Look at single parents in hostels – maybe not an appealing reference and certainly not a choice made voluntarily, but ask the mother to compare it to her previous life. The fact is that in hostels, families are in close proximity and begin to co-operate and it is at this point, the mother finally has access to a pool of other adults with whom childcare responsibilities may be shared. For the first time, the mother has the opportunity to rediscover her own life in the new space created by sharing responsibilities with a wider group of adults. All of a sudden, accidentally, there is the space to meet, to talk, to go out, make friends, open up possibilities for the mother and so also for her children. Without the poverty that usually accompanies this situation the conditions for further co-operation would improve dramatically.
It is important at this stage to establish two points. The first is that the Gens as a unit of human organisation is not an idea, it is a tradition with a long, long history stretching right back into antiquity.
The second point is to realise the fundamental conclusion of Lewis Morgan. He ascertained the Social Structures of tribes all over the world by sitting down with the tribal Elder and asking questions about relations. For example, Morgan might say to the Elder “I call my mother’s sister my aunt. What do you call her?” To which the reply came as “mother”. And so on around the family tree of relationships. By constructing charts of different tribal arrangements, Morgan came to his stunning conclusion – that these different tribal arrangements are in fact not different at all. They all lie on the same line of evolution with all forms merely being either more or less progressed, and with only minor variations to this common pattern.
By showing the natural development from one form to another, Morgan proved that there is a natural and universally occurring method for humans to organise themselves. And that the pattern develops along the same lines regardless of which set of humans you’re talking about. The apparent diversity is accounted for simply by the fact that some tribes are further down the same road than others. Tribes the world over do not head down significantly different roads. To a very strong and general approximation, we all travelled down the same road. Until we were so rudely interrupted.
This conclusion runs parallel with the discovery that humans use the same grammatical structure, whichever language they speak, as demonstrated by Noam Chomsky in his now famous “Syntactic Structures – the universal grammar of language” published in 1957. In other words, if left to our own devices, humans are naturally equipped with tools to speak and to organise. We don’t need to be organised, we come equipped with inbuilt tools to organise for ourselves. In fact we did for many, many thousands of years before the much more recent Imperialist form came to prevail by greed and terror over the human race in the last three millennia.
The Gens is not an idea, it’s a tradition and an extremely universal one with a long, long history.
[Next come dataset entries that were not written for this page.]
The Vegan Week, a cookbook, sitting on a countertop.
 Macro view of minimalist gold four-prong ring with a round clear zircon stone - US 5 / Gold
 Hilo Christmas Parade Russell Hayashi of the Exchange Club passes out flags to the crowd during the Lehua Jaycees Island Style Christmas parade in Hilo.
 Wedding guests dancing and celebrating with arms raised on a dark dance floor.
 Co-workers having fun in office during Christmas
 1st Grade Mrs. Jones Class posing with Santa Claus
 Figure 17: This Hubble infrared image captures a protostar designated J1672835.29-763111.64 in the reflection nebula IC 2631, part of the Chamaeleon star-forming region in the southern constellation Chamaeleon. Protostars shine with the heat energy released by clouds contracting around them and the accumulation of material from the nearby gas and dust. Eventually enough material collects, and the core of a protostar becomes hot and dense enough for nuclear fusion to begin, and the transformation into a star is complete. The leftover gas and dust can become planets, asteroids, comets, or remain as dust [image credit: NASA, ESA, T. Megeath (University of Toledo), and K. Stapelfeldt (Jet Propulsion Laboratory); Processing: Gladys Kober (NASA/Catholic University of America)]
This original form of family typically lived in groups of about 150 per housing unit with a group of sisters at its heart with their chosen co- habiting male partners from other households. The daughters would remain and in turn seek their own chosen males. The sons would move out and join their chosen female partners in other households, further stabilising the community because you’re not going to make war on your mother in that house, your brother in that house, your two cousins over there, your grandfather over there etc. etc. Inbuilt peace.
No servants, no hierarchy. No family breakdown (bar flood or fire etc). Instead, a sense of belonging, stability, security, pleasure, life and safety in large numbers.